## TRY IT
Print all the records below exactly as they stand, but leave out the pictures.

━━━━━ GIVEN INFORMATION

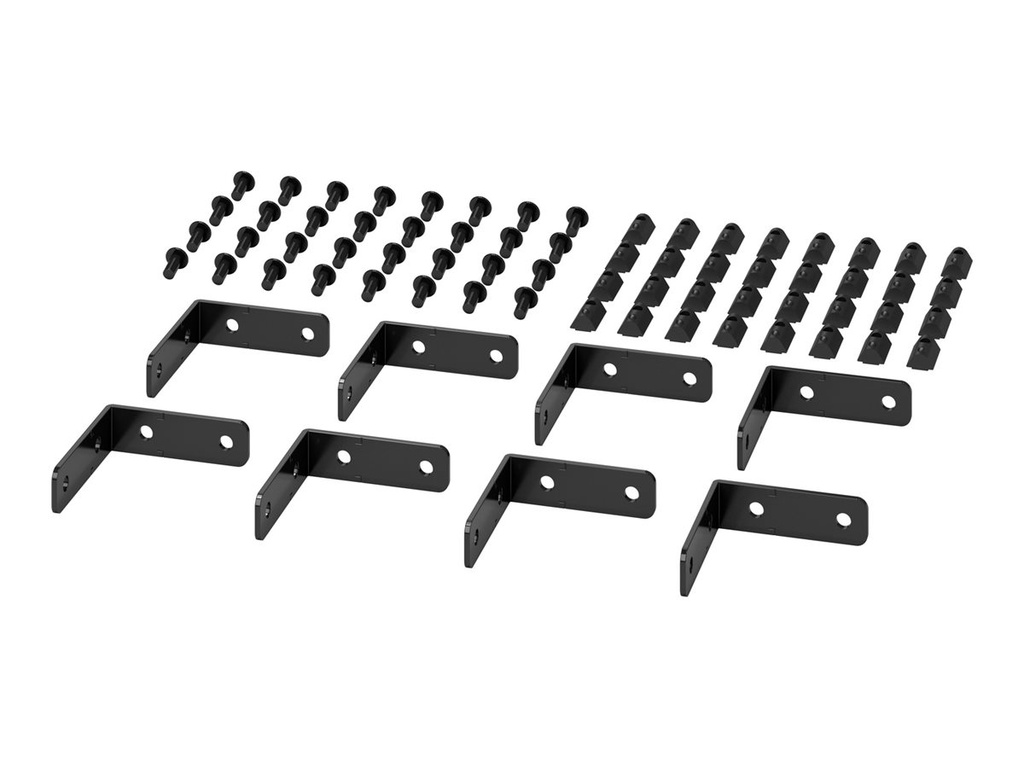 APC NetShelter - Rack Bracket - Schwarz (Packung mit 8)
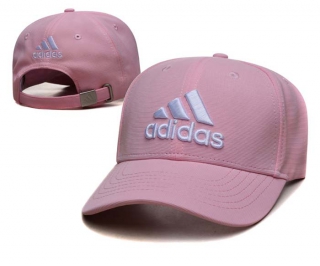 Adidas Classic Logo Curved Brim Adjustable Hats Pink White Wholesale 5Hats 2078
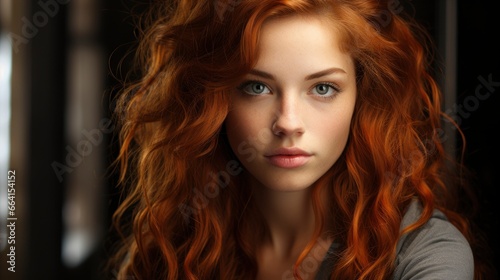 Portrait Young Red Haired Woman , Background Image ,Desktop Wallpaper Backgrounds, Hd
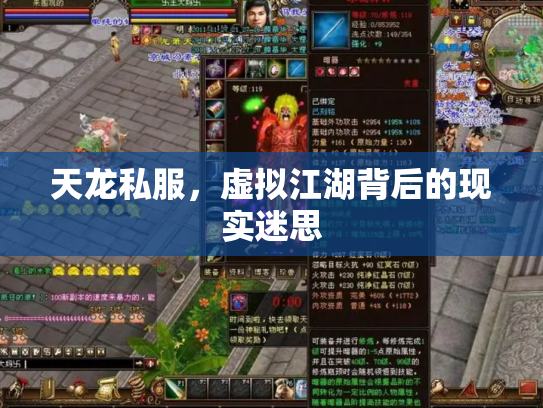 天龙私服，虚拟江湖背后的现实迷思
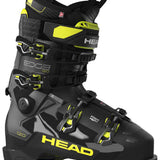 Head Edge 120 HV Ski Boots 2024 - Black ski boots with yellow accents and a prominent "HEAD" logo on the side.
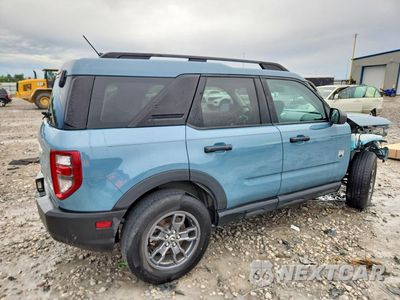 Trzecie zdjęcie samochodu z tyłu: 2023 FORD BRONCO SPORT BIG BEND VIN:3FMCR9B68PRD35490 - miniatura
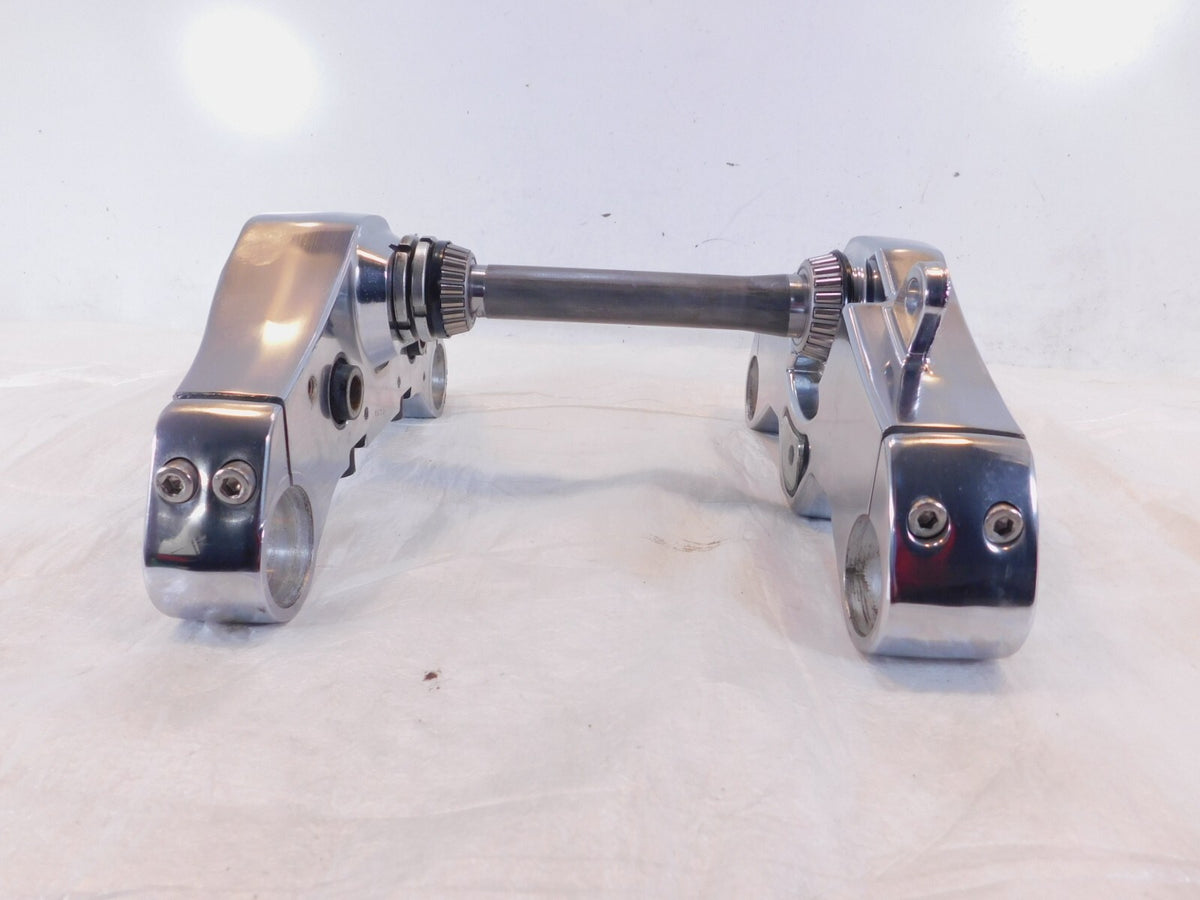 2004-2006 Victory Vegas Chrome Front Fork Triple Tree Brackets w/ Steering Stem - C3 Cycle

━━━━━━━━━━

## TASK ANSWER
 APC NetShelter - Rack Bracket - Schwarz (Packung mit 8)
 Adidas Classic Logo Curved Brim Adjustable Hats Pink White Wholesale 5Hats 2078
 Portrait Young Red Haired Woman , Background Image ,Desktop Wallpaper Backgrounds, Hd
 天龙私服，虚拟江湖背后的现实迷思
 Head Edge 120 HV Ski Boots 2024 - Black ski boots with yellow accents and a prominent "HEAD" logo on the side.
 Trzecie zdjęcie samochodu z tyłu: 2023 FORD BRONCO SPORT BIG BEND VIN:3FMCR9B68PRD35490 - miniatura
 2004-2006 Victory Vegas Chrome Front Fork Triple Tree Brackets w/ Steering Stem - C3 Cycle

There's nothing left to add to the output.